In 2006, the Fire Protection Research Foundation (FPRF) undertook a study to determine whether the way CIBCs are currently listed and labeled and the protection criteria specified would help prevent such an incident.

Fire testing CIBCs
When the industry first started looking at fire testing CIBCs, it was unsure about the appropriate performance criteria. In response to manufacturer, insurer, and enforcer concerns about protecting these large containers from fire, the NFPA Technical Committee on Warehouse and Container Storage created Annex E for NFPA 30, Flammable and Combustible Liquids Code. Annex E was a suggested test protocol for developing protection for containers storing liquids. This protocol, which can be used by any industry to plan and test protection criteria, was first adopted in the 1996 edition of NFPA 30.

Between 1996 and 2000, the CIBC industry teamed with the FPRF to conduct a series of fire tests. Failure mechanisms were scoped, palletized and rack arrays evaluated, protection criteria identified, and standardized test methods developed.

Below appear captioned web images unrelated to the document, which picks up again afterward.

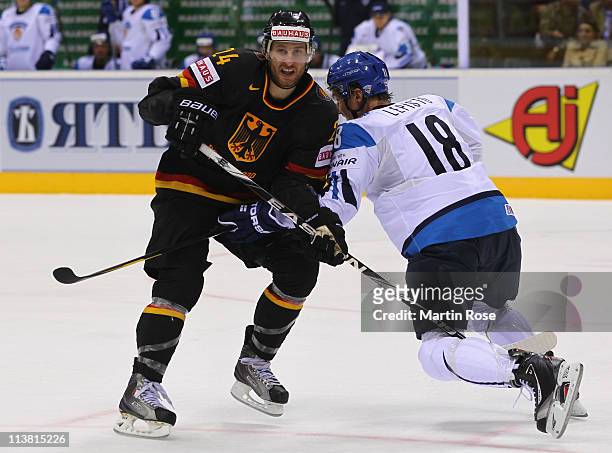 Andre Rankel of Germany skates against Sami Lepisto of Finland battle for the puck during the IIHF World Championship qualification match between...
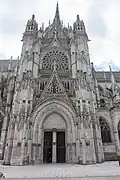 Nombreux soufflets dans la rose, les fenêtres, le gable du portail et en arcatures plaquées sur les murs, XVIe siècle.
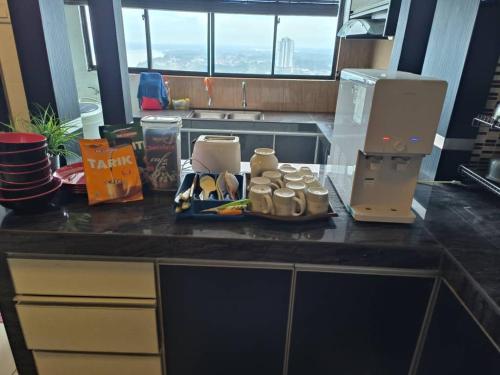 Η κουζίνα ή μικρή κουζίνα στο Riverview Pelangi Kota Bharu B2312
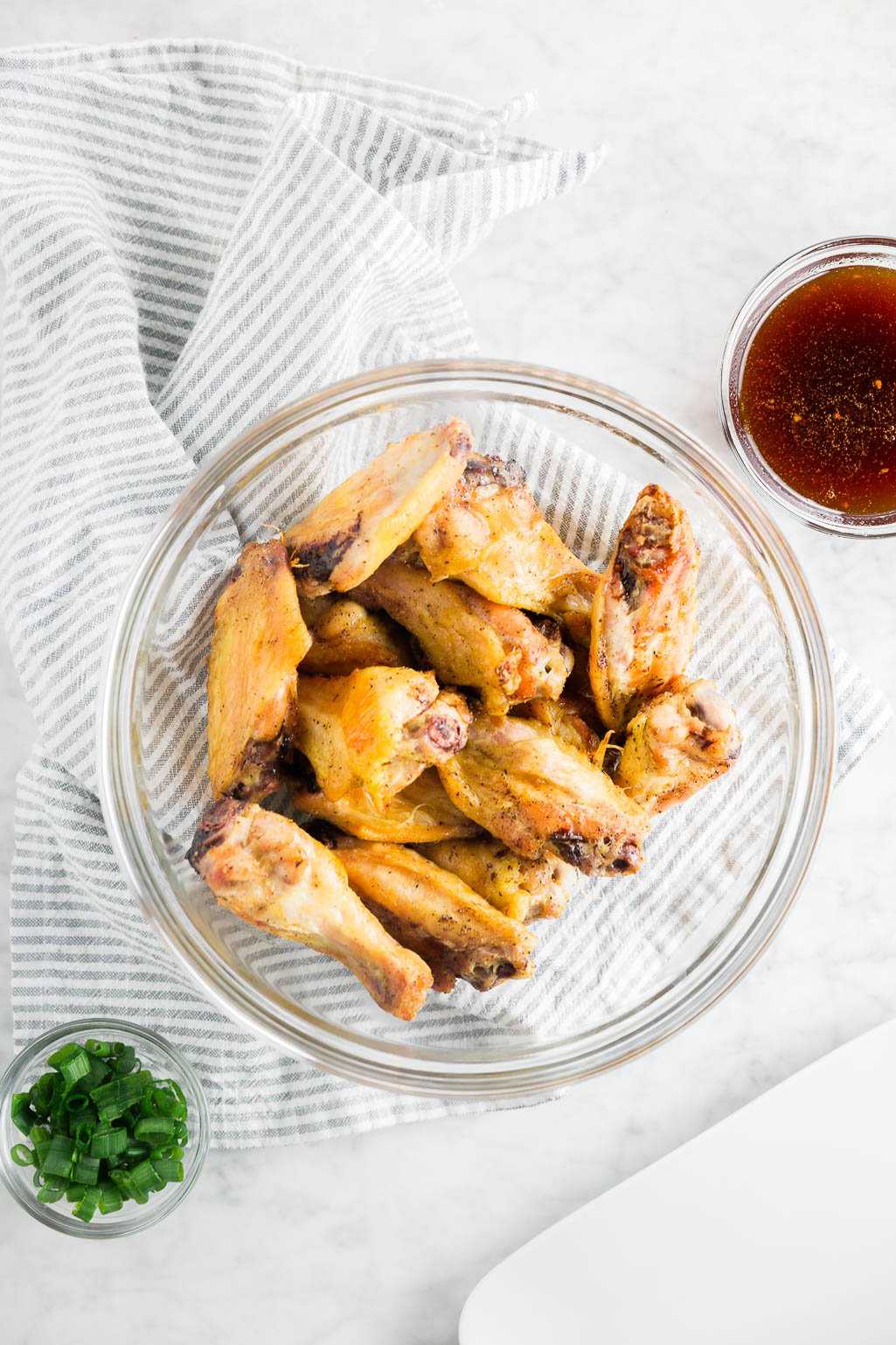 A bowl of baked chicken wings waiting for honey garlic sauce to be poured over the top with a bowl of green onions. 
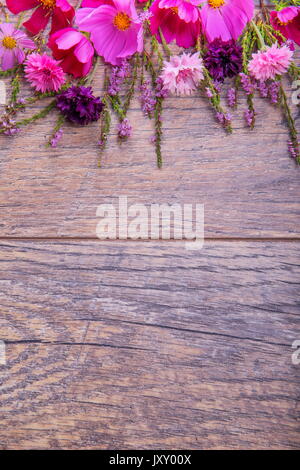 Ein Bouquet von rosa und lila Blumen cosmea oder Cosmos mit Band auf rustikalen hölzernen Brettern. Kopieren Sie Platz. Mutter, Valentines, Frauen, Hochzeit Konzept Stockfoto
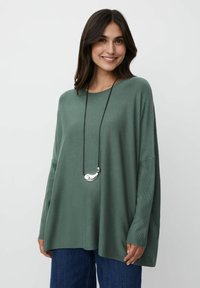 Übergroßer grüner Strickpullover mit langen Ärmeln, der ein seitliches Schlitzdesign aufweist, kombiniert mit einer schwarzen Schnur und einer silbernen Anhänger-Halskette.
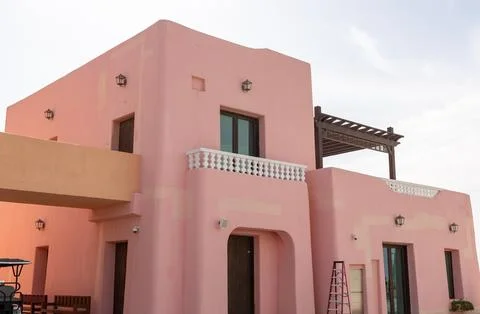 Low angle view of pink mediterranean building with pergola at Mina District. Stock Photos
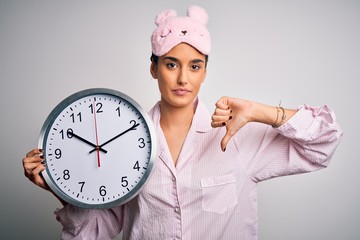 Young beautiful brunette woman wearing pajama and sleep mask holding big clock with angry face,...
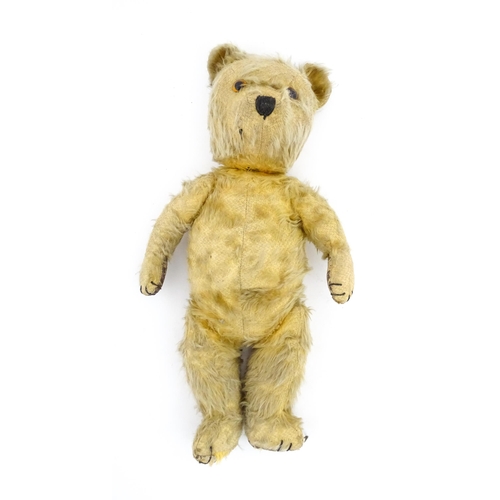 1270 - Toy: A 20thC teddy bear with stitches nose and claws, and articulated limbs. Approx. 16 1/4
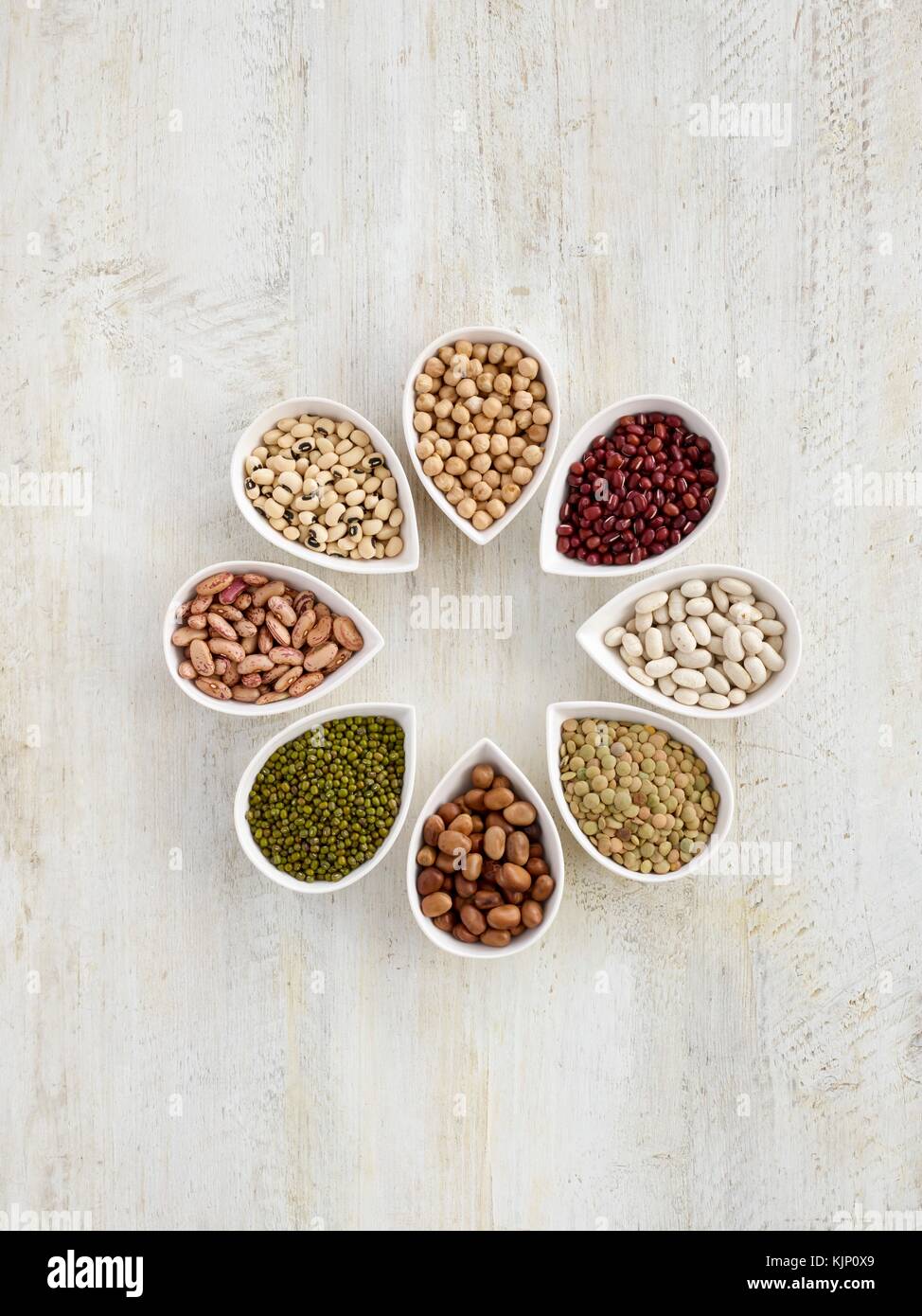 Pulses in tear shaped mini bowls, overhead view. Stock Photo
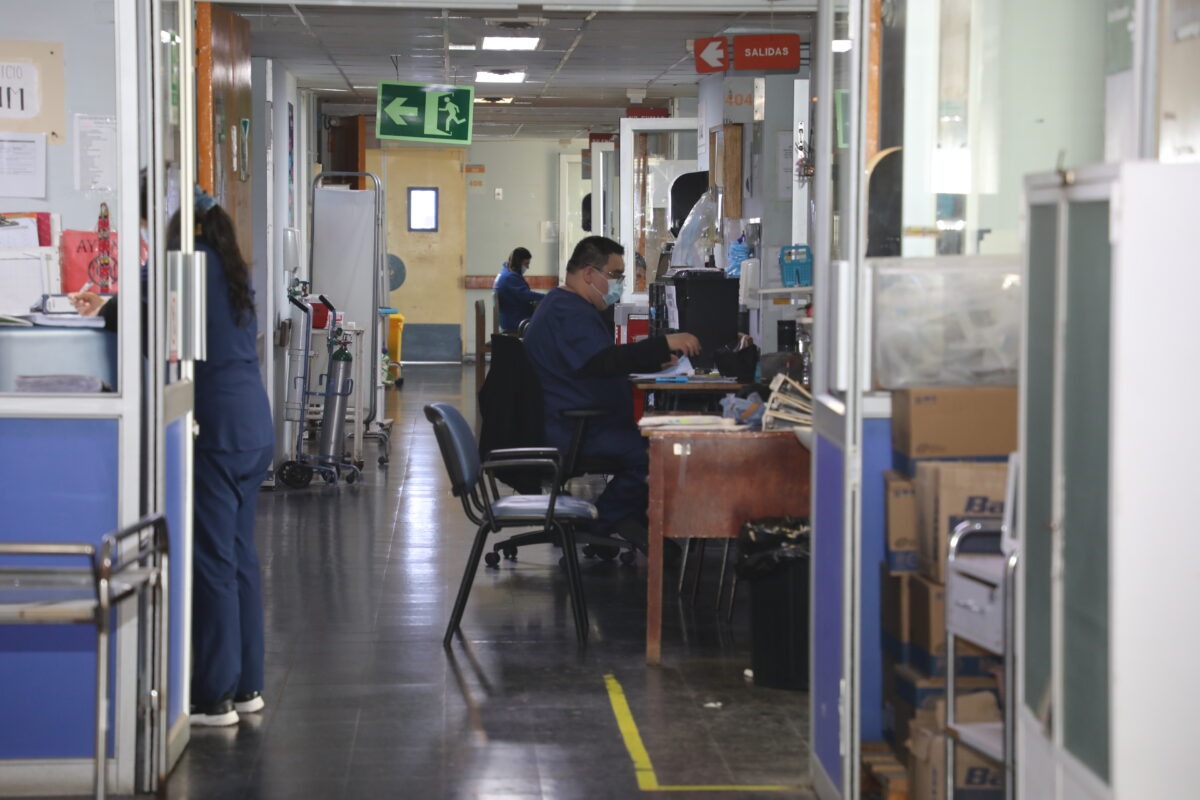 Pasillo de hospital con personal médico trabajando en sus puestos.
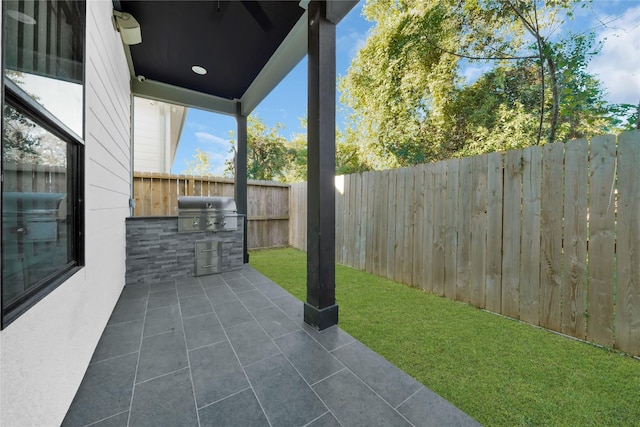 view of patio / terrace featuring a grill and exterior kitchen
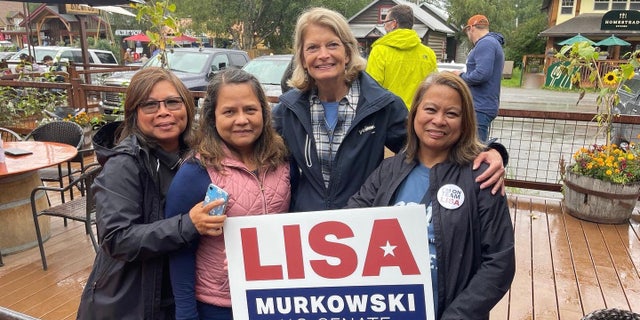 GOP Sen. Lisa Murkowski  takes a picture with supporters in Talkeetna, Alaska on August 13, 2022.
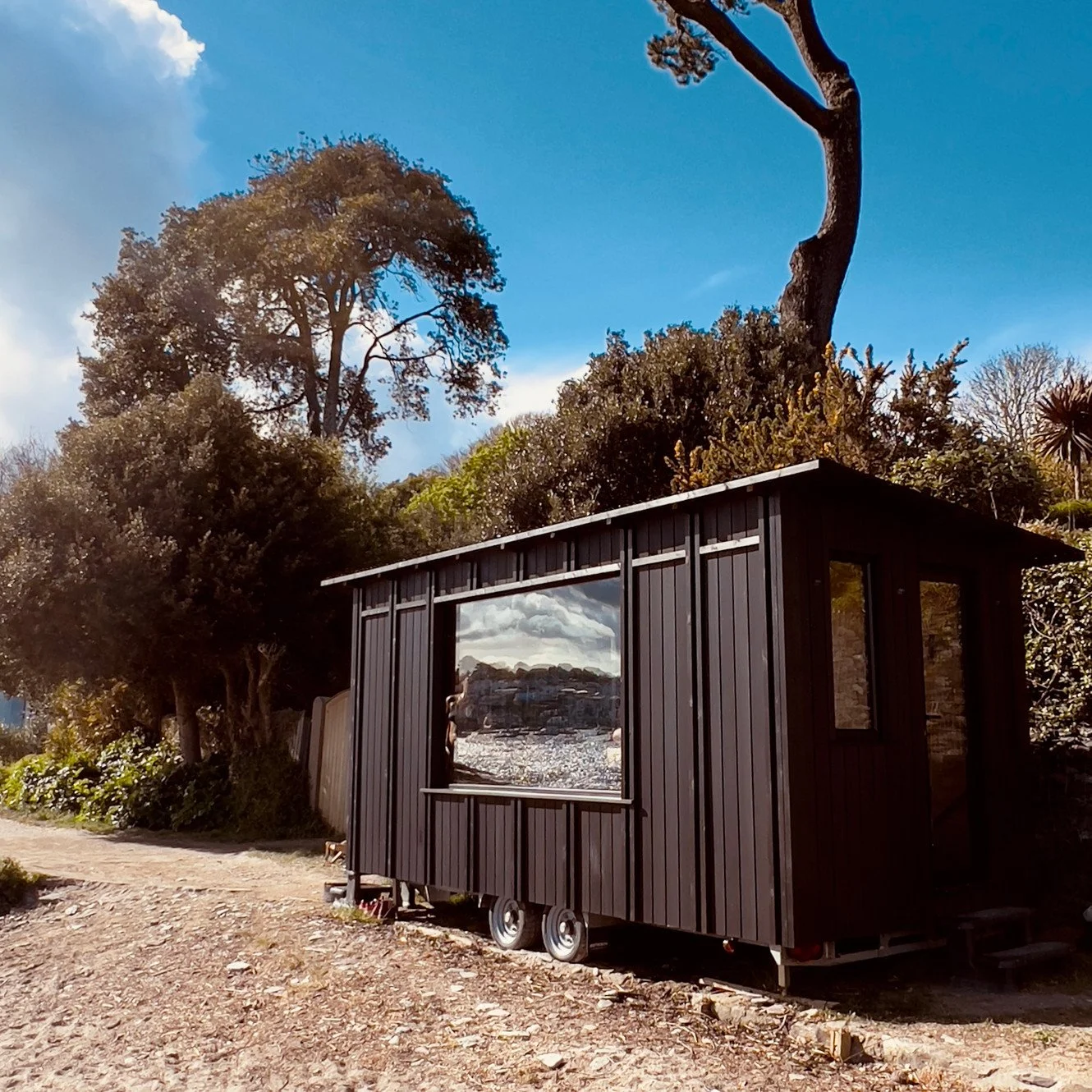 A small black tiny house on wheels with a large side window reflecting clouds and mountains, situated on a dirt path surrounded by trees and bushes under a blue sky.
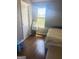 Bedroom featuring a bed, hardwood flooring, a window with blinds, and a nightstand with a lamp at 1869 Schofield Dr, Hampton, GA 30228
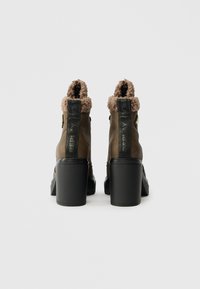 Hnědé kožené kotníkové boty s texturovaným béžovým umělým kožíškem na límci, černým tlustým podpatkem a černou kapsičkou s logem na zadní straně.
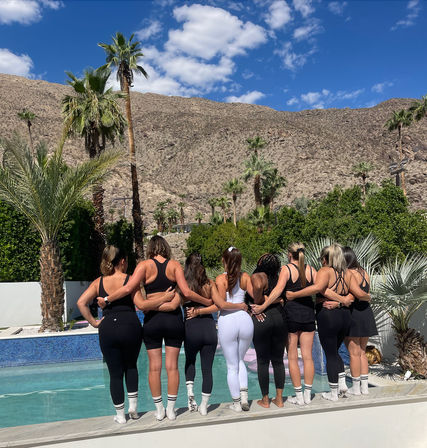 Eight women in workout clothes standing arm‑in‑arm on a pool deck beside a turquoise pool, facing a rocky desert mountain and tall palm trees under a bright blue sky — lively desert oasis group shot.
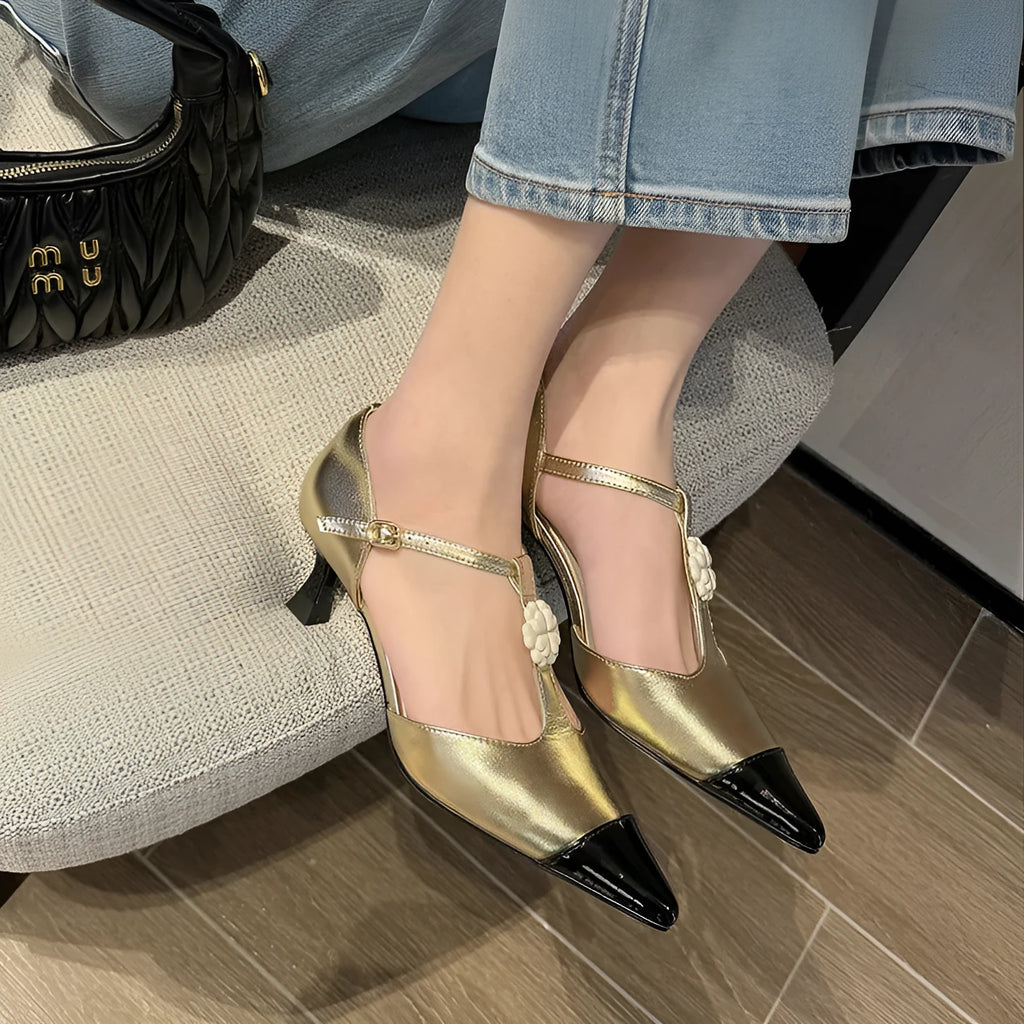 Women's gold stiletto heel with pointed toe, flower buckle, and shallow mouth cut on a sheepskin upper.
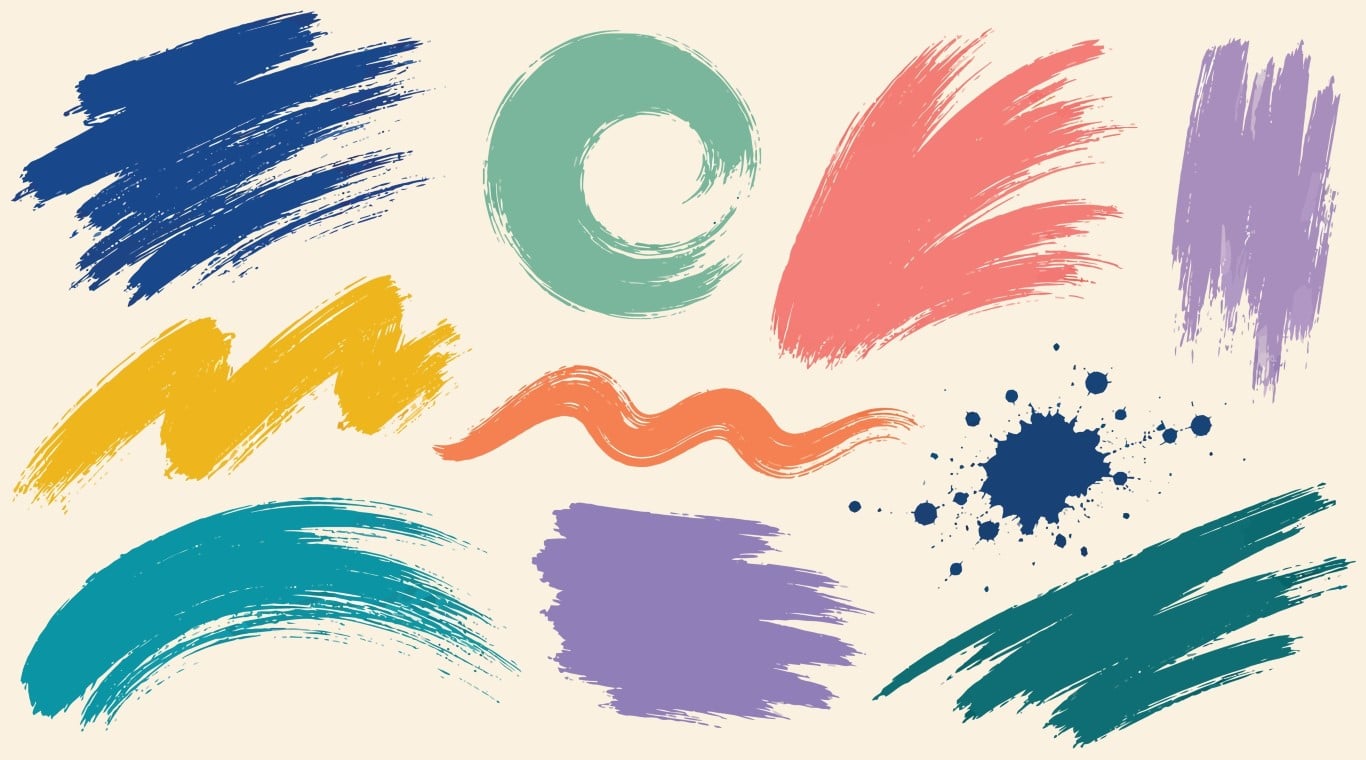 Set of colorful grunge brush strokes on a light background.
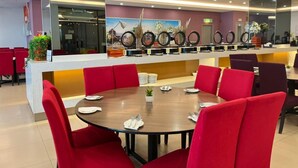 A restaurant with red chairs, a round table, and a counter with decorative rings. - Puteri Bay Hotel Melaka (Malacca City)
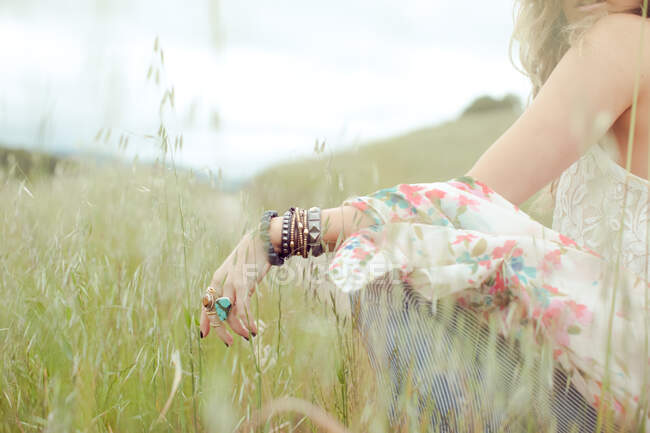 Foto cruzada de mujeres boho que llevaban globos y anillos sentados en el campo de hierba larga. - foto de stock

An important aspect of the FPRF program was the development of a listing program that allows manufacturers and third-party testing and listing agencies to test and approve individual plastic or composite IBCs for potential storage in warehouses. As part of the testing, a reduced-scale fire test method was developed and scaled to the results of the large-array testing, giving manufacturers two different methods of testing their IBCs. The resulting test method is UL 2368, Fire Exposure Testing of Intermediate Bulk Containers for Flammable and Combustible Liquids.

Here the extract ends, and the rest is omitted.